We recently caught up with Lead Tech CEO Nigel Borwell to have a look at lead generation in the financial industry, how extra FCA restrictions increase the need for transparency, and why lead generators always have more clients than they think…
Below are some of the key ideas discussed in the podcast, but be sure to check out the entire call at the bottom of the page to really go deep into this week’s latest B2C Lead Generation piece.
Can you explain a little about how lead generation works in the Financial Services sector? Is there anything different from other sectors or niches?
Nigel Borwell: Fundamentally, how we generate leads is - I’m sure - very similar, but essentially, whilst it’s not a regulated activity in this space, I think we’re very acutely aware that we’re generating leads for our partners - the clients and brands that are regulated and they’re accountable to the FCA, and obviously we are accountable to them so we have to be even more sensitive to how we go about that lead generation activity.
I think it’s a good thing, it really tunes us into the best practices.
Does this mean you have to work more closely with your partners? Are they consequently more thorough in their approach?
Ultimately, they’re responsible for a lead’s journey and I think they are in theory quite transparent about how they acquire customers. Part of what we do is work with them to help evidence that. Being transparent about our journeys is part of that process. But yes, they (the painters) are much more sensitive to how leads are generated.
In terms of how we work with them, I guess that is quite a broad subject, but essentially we try to build really close working relationships with out partners, and over the years we’ve set out a little bit of a framework for that. That may change slightly based upon the size of the business and the resources that have available to them, and how much experience they’ve got working leads.

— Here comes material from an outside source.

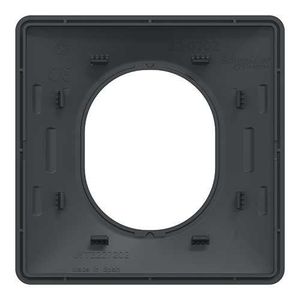 Schneider - Odace Touch - plaque anthracite - 2 postes - horiz. ou vert. - entraxe 71mm - Réf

Do you think having the FCA makes the industry as a whole more inherently transparent than other sectors?
Absolutely. I think it’s a really, really good thing. It really encourages best practices which we hugely believe in.
As a business, we almost see our role as sat between two customers essentiality. We’ve got our partners which we work with and supply leads to, but ultimately we see a consumer as a person whose got a need, rather than a piece of data, so it really is quite aligned with our beliefs. It’s one of the reasons why we really enjoy working in this space.
When you operate transparently lead generation can be a really valuable service, not just for the brand getting the leads but also for the consumer, right?
Absolutely. It’s quite a basic concept really, but we’ve kind of instilled it in our business over the years and it works really well. I think the people who work for Lead Tech really get it, you know, thinking about customer experience and how we can improve that experience, it really cascades down and is good for the partner, good for the consumer, and every one wins. That is the general philosophy - How do we produce really good journeys where the consumer understands what’s in it for them? There is always that level of transparency.
The idea is just to pass over a consumer to our partners with that level of intent and expectation is already there.
What are the biggest challenges you face with your lead buyers and partners in terms of getting them to act on leads in the best way?
We’ve built a bit of a framework out as a result of the challenges we face, just built on years of experience working with different types of companies. But what has really stood out over time is that most companies aren’t great at handling leads, certainly a lot of the smaller businesses. So we’ve developed a number of services to help them if they’re not very good at handling the leads, so that might be taking the lead engagement away from them, handling the contact piece for them. And not just that initial aspect, we might work with them to continually nurture what are essentially their prospective customers.
The name of the podcast is You Have More Clients Than You Think, which refers to a quote of yours which you have on your office wall saying that you have “two clients.” Can you explain what that means?
It’s quite a simple concept and it’s something we thought about really early on. You ask yourself “What is our purpose? What is our role? What is it we’re here to do?” And it always kind of felt like we were in the middle connecting people. That’s a very, very simplified version of it, but that kind of resonated with me.
And another thing I really like, and it’s just another way of looking at lead generation, it’s connecting people and trying to improve somebody’s life. In the space we’re in, consumer trust is the number 1 challenge for us all. Trying to overcome that by making better introductions between clients AND consumers and working for both of them.
That’s all I mean, being really clear about our role and acknowledging the fact we’re not just working for our clients and our partners but we have another customer - the consumer.